This summer, the Minnesota Timberwolves cut center Chris Johnson. The move came as a surprise to many, as Johnson’s contract for this year was guaranteed. The Wolves ended up keeping training camp invitees Robbie Hummel and A.J. Price over Johnson. While he has clear flaws in his game, namely his scrawniness, his biggest strength has been one of the Wolves’ biggest weaknesses this year. Johnson is a lengthy shot blocker, and the Timberwolves have the worst rim defense in the league.
Coach Rick Adelman seemed like he had made his decision not to keep Johnson around prior to training camp, as he barely played in the Wolves’ preseason contests. Johnson played about 10 minutes per game for the Wolves last season, averaging nearly a block per game and it’s hard to imagine he wouldn’t be able to have a similar role this year. It’s probable that Adelman and the Timberwolves wanted to develop rookie Gorgui Dieng, who has a similar skillset, rather than give 28-year-old Johnson, who has likely already reached his ceiling, a roster spot.
The move doesn’t seem to have paid off, though, as Dieng rarely plays, and the Timberwolves have allowed opponents to shoot a league worst 65.2 percent from within five feet of the basket.

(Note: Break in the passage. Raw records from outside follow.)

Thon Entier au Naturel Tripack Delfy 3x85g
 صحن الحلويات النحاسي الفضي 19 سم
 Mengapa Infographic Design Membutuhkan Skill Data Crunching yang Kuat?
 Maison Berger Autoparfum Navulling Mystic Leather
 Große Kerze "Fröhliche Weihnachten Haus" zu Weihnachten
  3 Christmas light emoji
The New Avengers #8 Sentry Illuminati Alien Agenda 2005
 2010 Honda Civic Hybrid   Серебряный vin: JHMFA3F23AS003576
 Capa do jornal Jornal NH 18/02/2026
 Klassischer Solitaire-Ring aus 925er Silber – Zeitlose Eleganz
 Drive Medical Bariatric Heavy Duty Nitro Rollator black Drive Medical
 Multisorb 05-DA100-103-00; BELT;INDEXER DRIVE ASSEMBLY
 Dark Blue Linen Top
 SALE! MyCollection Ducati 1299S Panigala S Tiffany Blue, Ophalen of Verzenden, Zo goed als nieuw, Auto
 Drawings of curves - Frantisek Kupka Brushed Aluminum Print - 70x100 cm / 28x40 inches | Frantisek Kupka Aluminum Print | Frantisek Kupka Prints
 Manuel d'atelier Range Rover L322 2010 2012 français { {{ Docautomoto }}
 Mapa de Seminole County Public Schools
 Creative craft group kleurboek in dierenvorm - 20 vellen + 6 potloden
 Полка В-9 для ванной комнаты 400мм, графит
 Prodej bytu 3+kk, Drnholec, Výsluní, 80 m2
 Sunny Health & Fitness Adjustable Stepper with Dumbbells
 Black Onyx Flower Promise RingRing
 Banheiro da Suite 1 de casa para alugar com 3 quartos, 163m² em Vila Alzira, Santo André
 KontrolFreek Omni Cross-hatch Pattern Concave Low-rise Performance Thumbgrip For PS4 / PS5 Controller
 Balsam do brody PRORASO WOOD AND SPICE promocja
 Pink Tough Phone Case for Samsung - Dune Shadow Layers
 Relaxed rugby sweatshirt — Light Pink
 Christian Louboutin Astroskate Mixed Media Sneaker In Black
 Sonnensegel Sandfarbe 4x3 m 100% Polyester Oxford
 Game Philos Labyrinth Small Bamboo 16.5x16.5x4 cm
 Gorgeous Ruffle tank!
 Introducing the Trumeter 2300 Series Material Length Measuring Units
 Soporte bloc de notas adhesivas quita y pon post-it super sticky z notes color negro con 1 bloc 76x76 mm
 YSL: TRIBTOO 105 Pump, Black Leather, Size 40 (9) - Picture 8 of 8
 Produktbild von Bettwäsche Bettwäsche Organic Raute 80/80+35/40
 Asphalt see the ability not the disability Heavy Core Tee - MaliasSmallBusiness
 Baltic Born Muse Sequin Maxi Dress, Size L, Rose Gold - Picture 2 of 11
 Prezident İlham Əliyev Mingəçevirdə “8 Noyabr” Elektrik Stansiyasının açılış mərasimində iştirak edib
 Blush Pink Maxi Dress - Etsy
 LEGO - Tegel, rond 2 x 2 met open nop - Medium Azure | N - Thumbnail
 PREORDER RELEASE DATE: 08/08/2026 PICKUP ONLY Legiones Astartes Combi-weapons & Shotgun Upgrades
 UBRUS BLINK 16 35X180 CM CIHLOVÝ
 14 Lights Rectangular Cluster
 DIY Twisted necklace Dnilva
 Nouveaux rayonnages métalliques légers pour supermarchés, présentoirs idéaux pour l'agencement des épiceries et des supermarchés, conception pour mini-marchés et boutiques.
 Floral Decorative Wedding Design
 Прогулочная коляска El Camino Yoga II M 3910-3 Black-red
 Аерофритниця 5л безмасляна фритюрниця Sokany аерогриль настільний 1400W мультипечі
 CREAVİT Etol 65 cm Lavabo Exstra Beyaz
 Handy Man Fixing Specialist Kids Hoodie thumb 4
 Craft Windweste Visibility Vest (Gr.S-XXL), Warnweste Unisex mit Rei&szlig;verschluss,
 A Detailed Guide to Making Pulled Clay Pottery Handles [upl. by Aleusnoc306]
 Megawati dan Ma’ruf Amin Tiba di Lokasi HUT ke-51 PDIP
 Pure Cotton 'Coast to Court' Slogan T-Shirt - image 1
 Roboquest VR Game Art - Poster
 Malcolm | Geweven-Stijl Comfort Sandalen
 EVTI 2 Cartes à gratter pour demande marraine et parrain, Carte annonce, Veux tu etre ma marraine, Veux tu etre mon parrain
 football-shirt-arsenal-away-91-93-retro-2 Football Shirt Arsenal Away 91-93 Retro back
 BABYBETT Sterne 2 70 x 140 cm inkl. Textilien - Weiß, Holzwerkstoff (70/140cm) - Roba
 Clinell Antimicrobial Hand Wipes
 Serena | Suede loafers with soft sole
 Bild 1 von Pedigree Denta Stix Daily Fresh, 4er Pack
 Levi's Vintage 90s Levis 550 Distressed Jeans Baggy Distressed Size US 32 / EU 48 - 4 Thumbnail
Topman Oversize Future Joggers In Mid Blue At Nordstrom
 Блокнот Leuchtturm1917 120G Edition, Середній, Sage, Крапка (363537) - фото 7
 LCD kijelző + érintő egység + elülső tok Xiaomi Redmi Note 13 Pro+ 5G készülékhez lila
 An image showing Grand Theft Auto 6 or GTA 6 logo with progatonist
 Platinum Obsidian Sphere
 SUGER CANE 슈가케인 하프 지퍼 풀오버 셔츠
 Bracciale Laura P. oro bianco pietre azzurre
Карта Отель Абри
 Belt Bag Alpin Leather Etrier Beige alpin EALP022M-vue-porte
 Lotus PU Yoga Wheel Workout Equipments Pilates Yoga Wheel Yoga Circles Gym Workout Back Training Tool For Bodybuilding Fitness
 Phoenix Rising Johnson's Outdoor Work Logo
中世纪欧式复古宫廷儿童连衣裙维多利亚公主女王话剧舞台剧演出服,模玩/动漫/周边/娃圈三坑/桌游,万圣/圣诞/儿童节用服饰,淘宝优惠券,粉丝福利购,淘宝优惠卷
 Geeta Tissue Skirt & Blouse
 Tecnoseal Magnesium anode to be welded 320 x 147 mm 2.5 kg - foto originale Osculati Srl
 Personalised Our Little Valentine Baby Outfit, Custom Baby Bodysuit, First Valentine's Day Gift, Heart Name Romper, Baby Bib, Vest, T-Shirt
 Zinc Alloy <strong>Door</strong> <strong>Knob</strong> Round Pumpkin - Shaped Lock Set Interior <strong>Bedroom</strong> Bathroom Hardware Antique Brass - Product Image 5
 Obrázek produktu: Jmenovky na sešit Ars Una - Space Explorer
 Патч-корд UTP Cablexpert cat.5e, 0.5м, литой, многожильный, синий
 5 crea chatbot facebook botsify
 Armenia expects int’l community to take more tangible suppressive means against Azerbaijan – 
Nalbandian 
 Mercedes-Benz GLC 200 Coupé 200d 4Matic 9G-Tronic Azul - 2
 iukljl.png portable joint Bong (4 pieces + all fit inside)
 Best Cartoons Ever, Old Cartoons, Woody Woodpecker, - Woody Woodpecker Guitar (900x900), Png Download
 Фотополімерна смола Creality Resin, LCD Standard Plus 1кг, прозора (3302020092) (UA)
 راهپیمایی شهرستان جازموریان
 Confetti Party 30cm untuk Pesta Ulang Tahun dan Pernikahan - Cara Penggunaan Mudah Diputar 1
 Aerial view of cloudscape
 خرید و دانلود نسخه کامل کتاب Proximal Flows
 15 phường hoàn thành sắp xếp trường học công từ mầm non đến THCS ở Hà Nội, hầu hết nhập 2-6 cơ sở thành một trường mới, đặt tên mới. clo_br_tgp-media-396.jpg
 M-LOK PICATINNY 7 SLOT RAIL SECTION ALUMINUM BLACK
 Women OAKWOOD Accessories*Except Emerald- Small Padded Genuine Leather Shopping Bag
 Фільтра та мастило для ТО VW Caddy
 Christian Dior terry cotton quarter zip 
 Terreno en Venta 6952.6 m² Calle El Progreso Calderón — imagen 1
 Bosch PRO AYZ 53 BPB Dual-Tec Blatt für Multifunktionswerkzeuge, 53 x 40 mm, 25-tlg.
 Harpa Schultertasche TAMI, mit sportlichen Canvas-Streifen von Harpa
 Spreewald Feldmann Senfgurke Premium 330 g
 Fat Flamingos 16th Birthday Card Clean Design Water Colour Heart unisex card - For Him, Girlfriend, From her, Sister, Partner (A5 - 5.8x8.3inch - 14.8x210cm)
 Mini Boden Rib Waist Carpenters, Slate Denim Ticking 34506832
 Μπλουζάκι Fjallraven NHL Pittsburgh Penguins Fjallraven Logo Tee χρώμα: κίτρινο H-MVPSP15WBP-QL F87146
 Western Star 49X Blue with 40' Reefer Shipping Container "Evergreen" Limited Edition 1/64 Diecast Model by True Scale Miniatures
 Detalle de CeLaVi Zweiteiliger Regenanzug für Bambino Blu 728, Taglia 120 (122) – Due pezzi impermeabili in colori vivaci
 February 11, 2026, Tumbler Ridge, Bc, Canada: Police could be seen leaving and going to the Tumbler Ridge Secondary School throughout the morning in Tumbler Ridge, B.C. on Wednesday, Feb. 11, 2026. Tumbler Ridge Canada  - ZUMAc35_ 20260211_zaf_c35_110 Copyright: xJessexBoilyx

While Johnson would have never developed into more than a role playing shot blocker, the Wolves could really use a role playing shot blocker.
Hummel has added some valuable distance shooting off the bench, but Price hasn’t played much, and it seems like Johnson would have had more of an impact this season. Keeping Price may have made sense at the time, as the Wolves had just signed backup center Ronny Turiaf, but Turiaf is old and frequently injured, and has predictably missed most of the early season.
If Johnson doesn’t play overseas this year, he will likely wind up on a 10-day contract for some NBA team needing a backup big man. The Wolves too will most likely end up trading for or signing another backup big, if Turiaf isn’t able to make a comeback soon, but it’s clear the Wolves should have kept Johnson in the first place.